Fig. 5. Immune responses by T-mfIL12 and T-mIL12-IRES.

a Immunohistochemistry. Bilateral subcutaneous Neuro2a tumors were generated in A/J mice, left tumors only were inoculated with T-mfIL12, T-mIL12-IRES, T-01 (2 × 10⁵ pfu) or mock on days 0 and 3, and the tumors were harvested on day 6 (n = 3 per group). An increased infiltration of CD4⁺ and CD8⁺ lymphocytes were observed in the tumor for all three viruses, both in the treated and the untreated side, most prominently with T-mfIL12 (Fig. 5a). HSV-1 positive cells were observed in the tumor with all viruses in the treated side, but not in the untreated side. HE, hematoxylin and eosin. Scale bars, 100 μm. b In vivo levels of interleukin-12 (IL-12) and Interferon γ (IFNγ). In the unilateral subcutaneous Neuro2a model, established tumors were inoculated with T-01, T-mfIL12, T-mIL12-IRES (2 × 10⁶ pfu) or mock, sera and tumor samples were collected on days 1, 3 and 6 (n = 3 per group), and the levels of mouse IL-12 and IFNγ were measured by ELISA. The intratumoral IL-12 levels for T-mfIL12 were significantly higher than those for T-mIL12-IRES at all time points (p = 0.018, p = 0.016 and p = 0.046 for days 1, 3 and 6, respectively). The levels of IL-12 detected from the serum were remarkably lower than those in the tumor. Correlating with the intratumoral IL-12, the serum IL-12 level for T-mfIL12 was higher than that for T-mIL12-IRES on day 1 (p = 0.047). The IFNγ levels of T-mfIL12 were significantly higher than those of T-mIL12-IRES both in the tumor and serum on day 1 (p = 0.014 and p = 0.027, tumor and serum, respectively). c Immune responses specific to Neuro2a cells. In the unilateral subcutaneous Neuro2a model, established tumors were inoculated with T-01, T-mfIL12, T-mIL12-IRES (5 × 10⁴ pfu) or mock on days 0 and 3, and the spleen was harvested on day 6. By ELISpot assay, splenocytes from T-mfIL12-treated mice showed a significantly higher number of IFNγ release stimulated by Neuro2a cells than those from T-01- and T-mIL12-IRES- treated ones (p = 0.005 and p = 0.004 vs T-01 and T-mIL12-IRES, respectively). No significant difference in number of IL-4 releasing splenocytes was observed among the three virus-treated groups. The IFNγ or IL-4 releases specific to Neuro2a cells were calculated by subtracting the numbers of SaI/N responding spots from those of Neuro2a responding spots. For b and c, Graphs show the means. Dots represent individual data. Bars, SD. *, p < 0.05; **, p < 0.01; NS, not significant; one-way ANOVA with Tukey’s multiple comparisons.

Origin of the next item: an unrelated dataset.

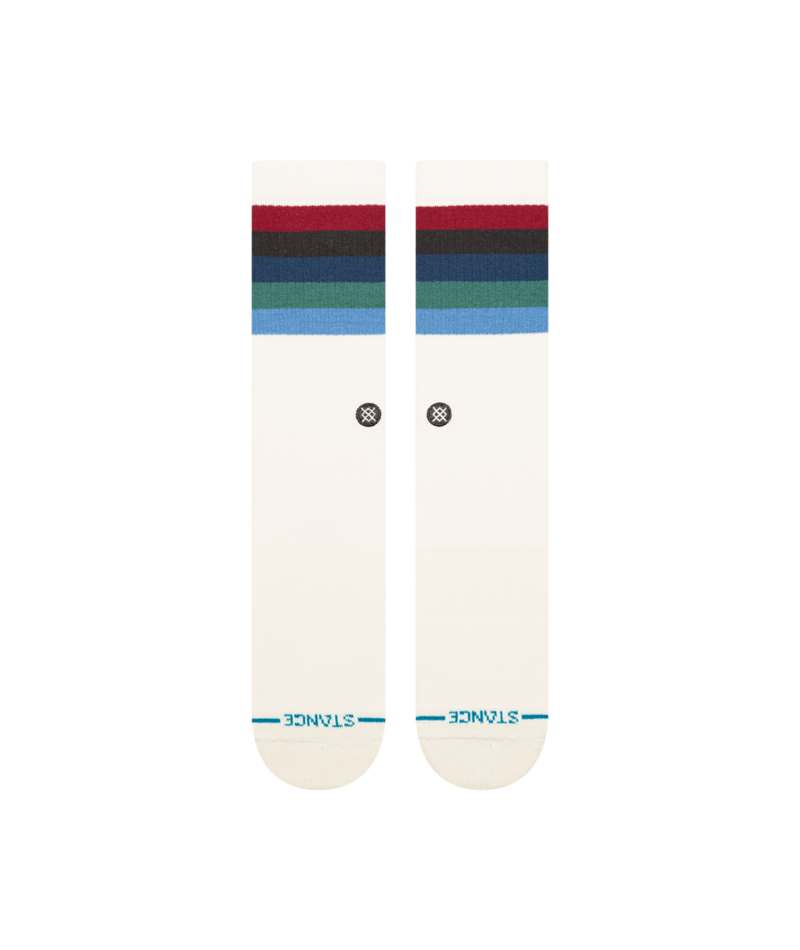 Stance Stance Maliboo - Canvas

Fig. 6. Comparison of in vivo efficacy of T-mfIL12 and direct intratumoral injection with recombinant interleukin-12 (rIL-12).

In the bilateral subcutaneous Neuro2a model, rIL-12, T-01 (5 × 10⁴ pfu) without or with rIL-12, T-mfIL12 (5 × 10⁴ pfu) or mock was inoculated into the left tumors only on days 0 and 4 (n = 10 per group). Three different doses were used for rIL-12; 500 ng (a), 50 ng (b) and 1 ng (c). The dose 50 ng represents the intratumoal IL-12 level treated with T-mfIL12 at 2 × 10⁶ pfu and 1 ng represents that at 5 × 10⁴ pfu, the T-mfIL12 dose used in these experiments. a When the dose of 500 ng was used for rIL-12, rIL-12, T-01, T-01+rIL-12 and T-mfIL12 were all significantly more efficacious than mock in the treated side (p < 0.001 vs mock for all). In the untreated side, rIL-12 alone showed no significant antitumor effect compared with mock, whereas T-01+rIL-12 and T-mfIL12 showed a significantly higher efficacy than mock (p = 0.039 and p < 0.001 vs mock, respectively). Further, in the untreated side, T-mfIL12, but not T-01+rIL-12, was significantly more efficacious than rIL-12 alone (p = 0.003). b Results similar to a were obtained when the dose of 50 ng was used for rIL-12. c When the dose of 1 ng was used for rIL-12, rIL-12 alone showed no significant efficacy in both treated and untreated sides, and T-mfIL12, but not T-01+rIL-12, was significantly more efficacious than rIL-12 alone in the treated side. Tumor volume = length × width × height × 0.52. Results represent the mean. Bars, standard error of the mean (SEM). *, p < 0.05; **, p < 0.01; ***, p < 0.001; ns, not significant; Two-way ANOVA with Bonferroni’s multiple comparisons test.